Trump’s not wrong that Iran’s the problem. He’s wrong that complaining about it creates leverage. It just signals that the US doesn’t have a plan.

The Unresolved Question

Here’s what I genuinely don’t know: whether Iran’s hardening its stance (no Lebanon ceasefire, no US talks) because it’s confident or because it’s weakening and trying to save face.

If Hezbollah’s more damaged than public reporting suggests, Iran might be raising the price of negotiations as a way to claim victory before pulling back. If Hezbollah’s actually intact and the resistance axis feels strengthened, Iran might be confident enough to demand more.

That ambiguity matters because it determines whether we’re looking at a slow negotiation (confidence scenario) or a slow collapse (weakness scenario).

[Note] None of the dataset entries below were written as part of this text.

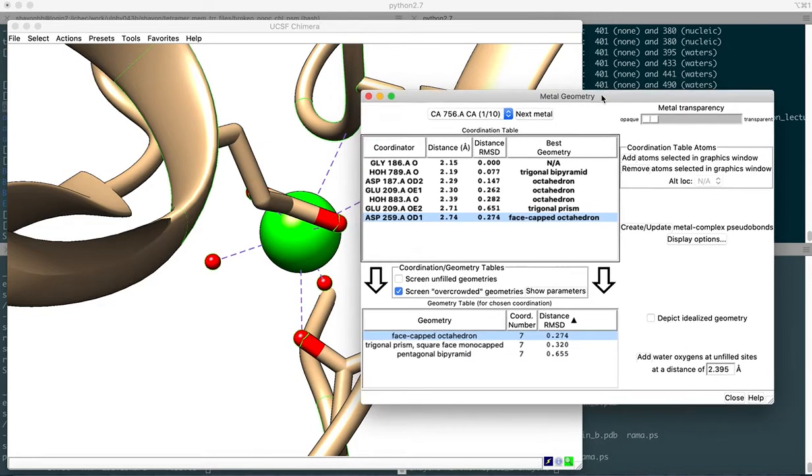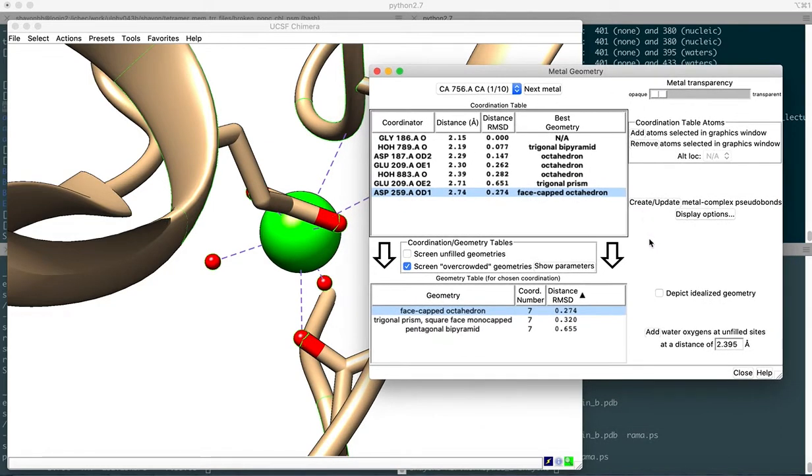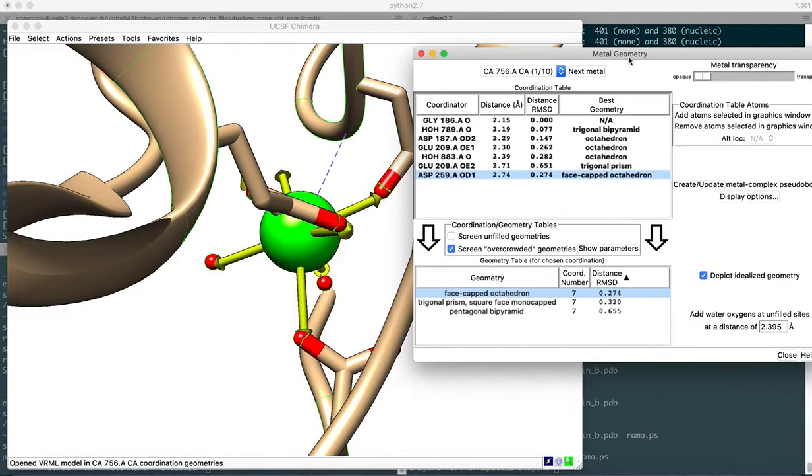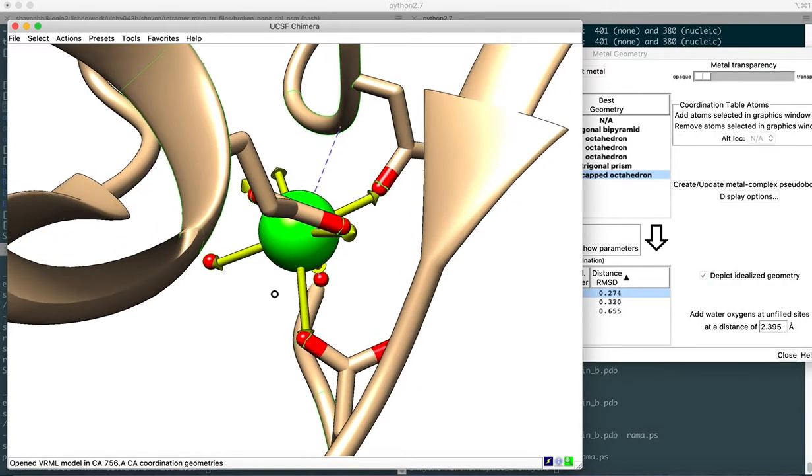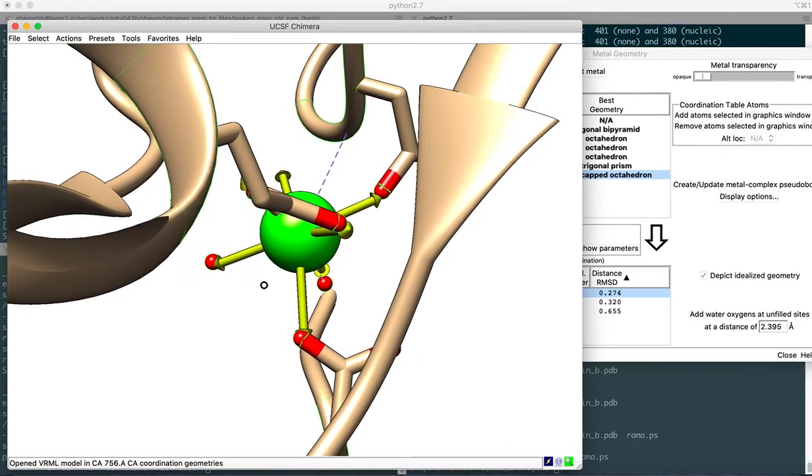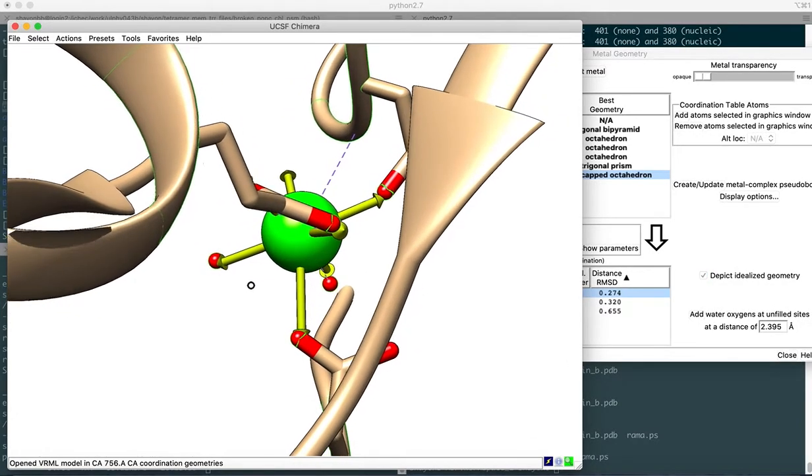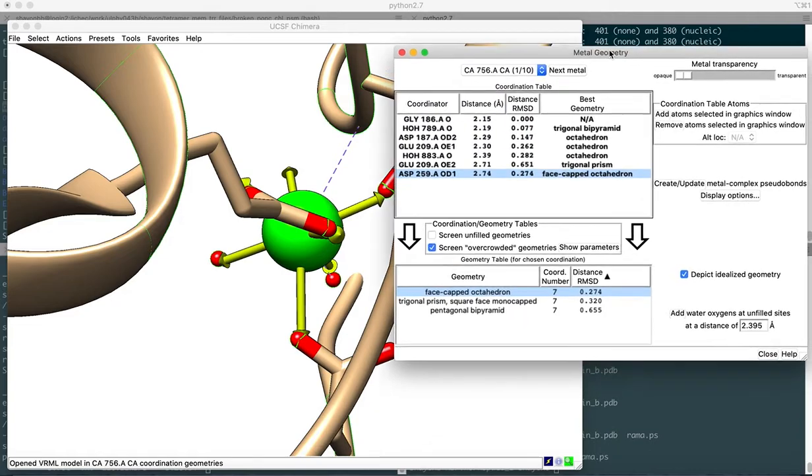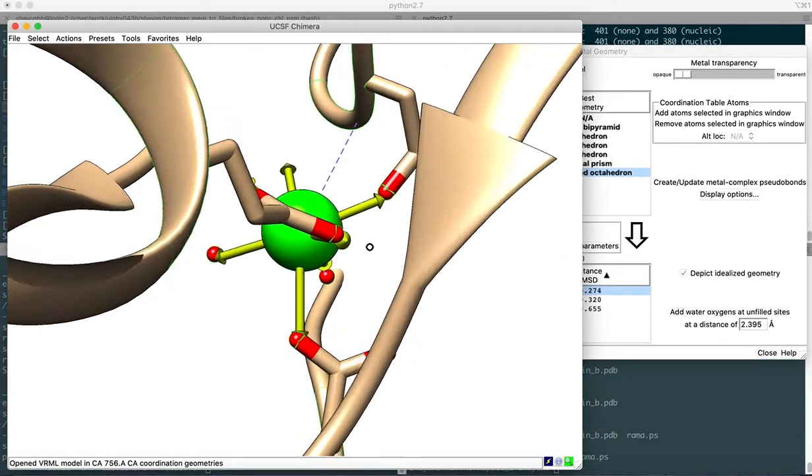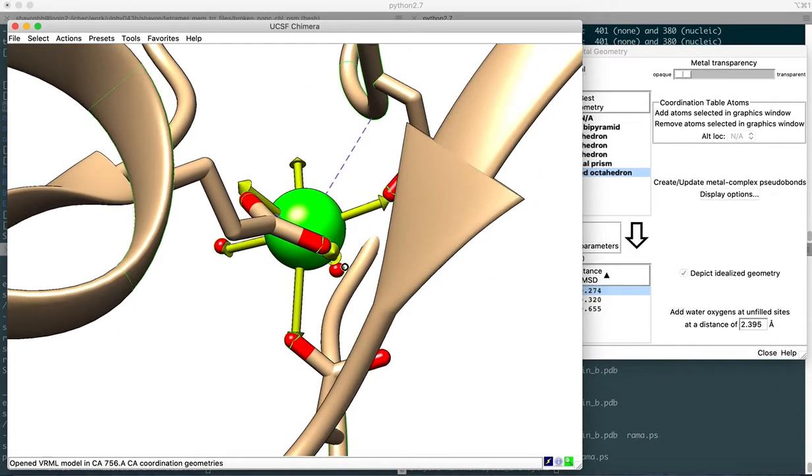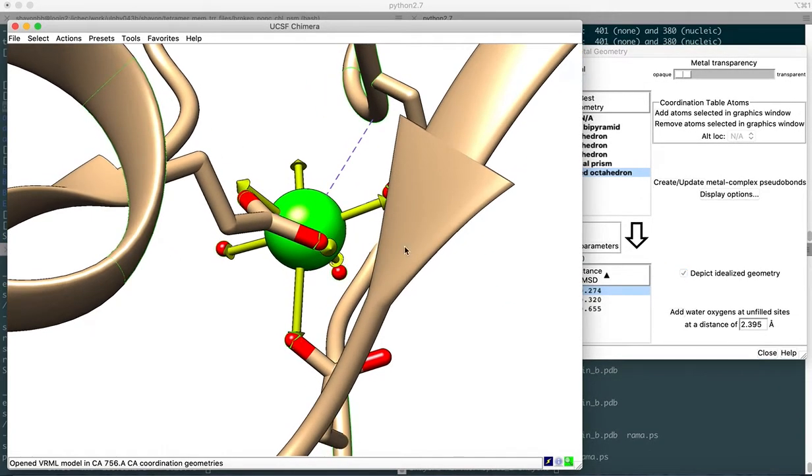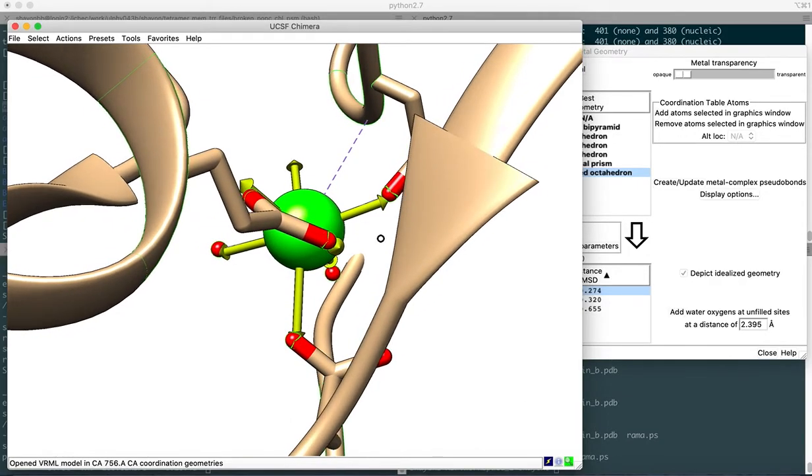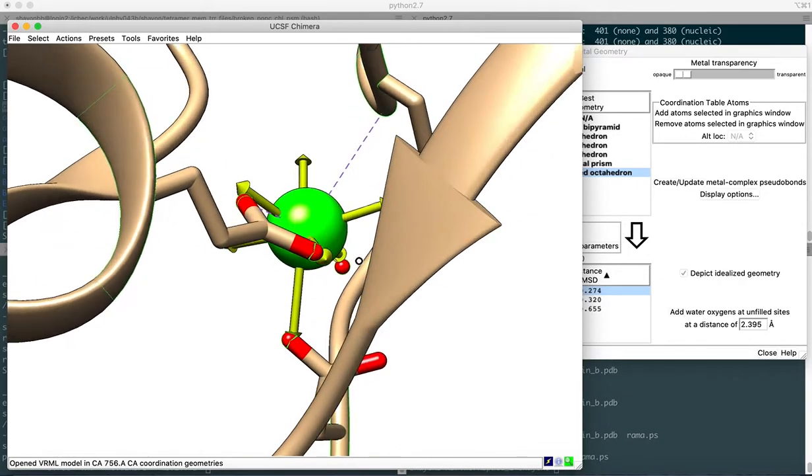In order to depict the ideal geometry, you go ahead and check this option. Once we check this option, you'll find that the idealized geometry, the geometry that was supposed to be found with regards to that particular position of the calcium ion in this pocket, and with the vicinity of the surrounding residues including water molecules, will be depicted. You can easily assess the deviation that might have occurred due to the crystallization method.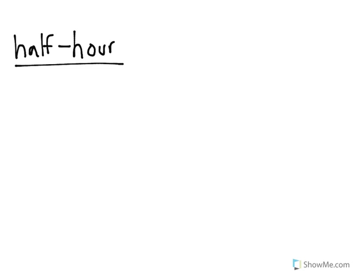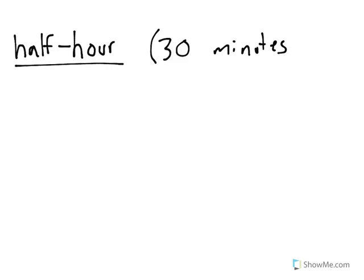What's important is a half hour takes 30 minutes. So when we write a half hour, we're always going to have 30 in our minutes area.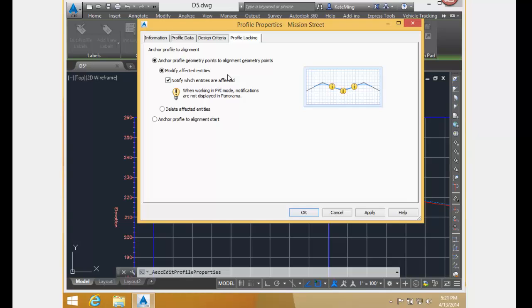The way this option works is that the PVI's elevation and distance to the previous horizontal geometry point remain the same. The elevation values do not change. You can choose to have a notification symbol pop up of the affected entity. Let's see how this works.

And those look identical from the outside for about three months.

What I’m Watching

  • Iran’s next move after the Orthodox Easter truce ends (April 13-14): If Iran escalates immediately, we know the ceasefire was just buying time. If they extend quietly, they might be negotiating room privately. The specific target (military, civilian, symbolic) will tell you whether it’s signaling or escalating.

  • Whether Lebanon actually negotiates with Israel, or uses Iran’s demands as cover to avoid the table: If Lebanon shows up to talks despite Iran’s condition not being met, they’ve chosen Israel over Tehran. That’s a fracture in the resistance axis. If they don’t show up, the axis holds but the ceasefire collapses.

  • Strait of Hormuz traffic patterns through May: Watch whether neutral countries start routing around Iran (longer routes, higher costs) or whether they’re making side deals with Tehran. That tells you whether Trump’s pressure is working or whether Iran’s actually solidifying its position.

  • Xi’s next move on Taiwan after this opposition leader visit: If he invites the KMT leader back or reaches out to other opposition figures, he’s building a cross-strait negotiation channel. That’s the temperature dropping. If he doesn’t follow up, this was just theater.

The Middle East right now is a ceasefire where nobody stopped fighting and nobody started talking. That’s not sustainable. Something breaks in the next eight weeks.